Window protections keep firms from being shattered

Date: 2 December 2003

Existing glass in buildings was not designed to resist windblown debris, earthquakes, forced entry and explosions. Subject to such stresses, existing glass often breaks into lethal shards hurled from the window frame endangering occupants and passersby.

If a window with security window film breaks, the film holds the glass shards intact preventing them from becoming lethal projectiles. The glass may shatter but remain intact in its frame.

"The most significant damage in approximately 75 percent of all bombings is the failure of architectural glass," says Ron Massa, a security consultant quoted in Buildings magazine.

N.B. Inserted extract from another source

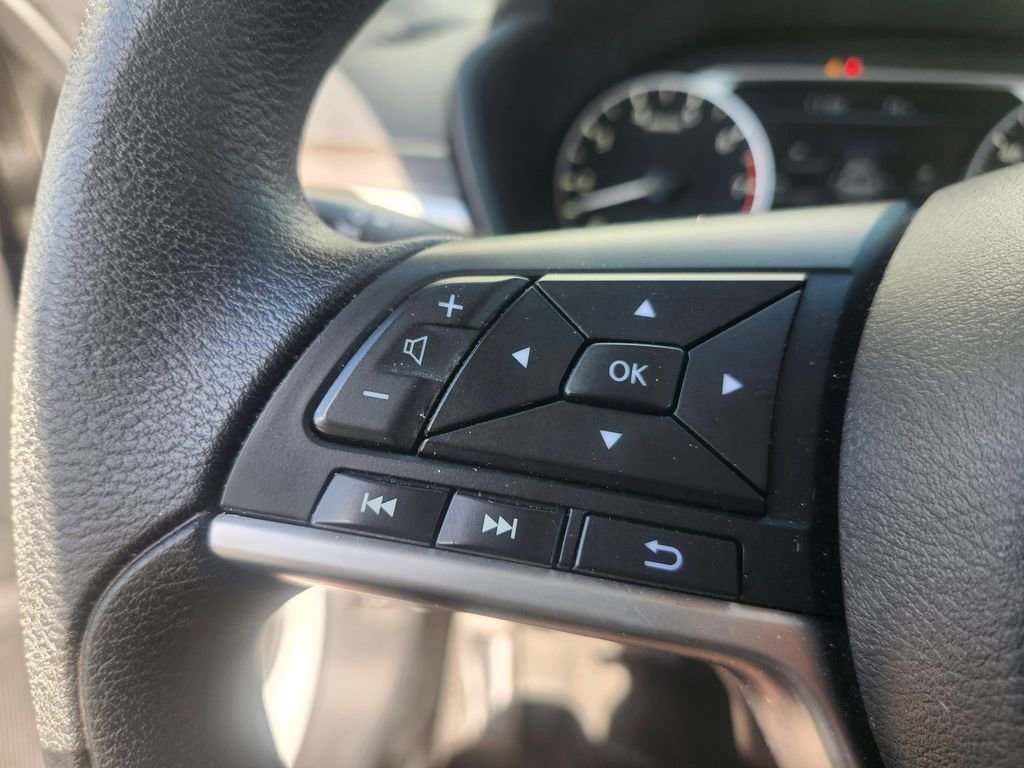 Used 2024 Nissan Altima 2.5 SV image 1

The 1998 bombings at the embassies in Kenya and Tanzania injured more than 5,000, many from broken glass.

Broken glass in the 1996 terrorist bombing of Khobar Towers at the U.S. Air Force base in Saudi Arabia resulted in more than 330 injuries, 80 to 90 percent caused by broken glass.

Obviously, the destruction of the World Trade Center was of such magnitude that no window system would have been able to survive.

However, the broken glass in adjacent buildings might not have occurred if those windows had been equipped with security window film.

Several government and corporate buildings in Washington are equipped with security window film. They include Smithsonian Institution buildings, Reagan National Airport, the Department of State, the Pentagon, the J. Edgar Hoover FBI Building and the Department of Energy.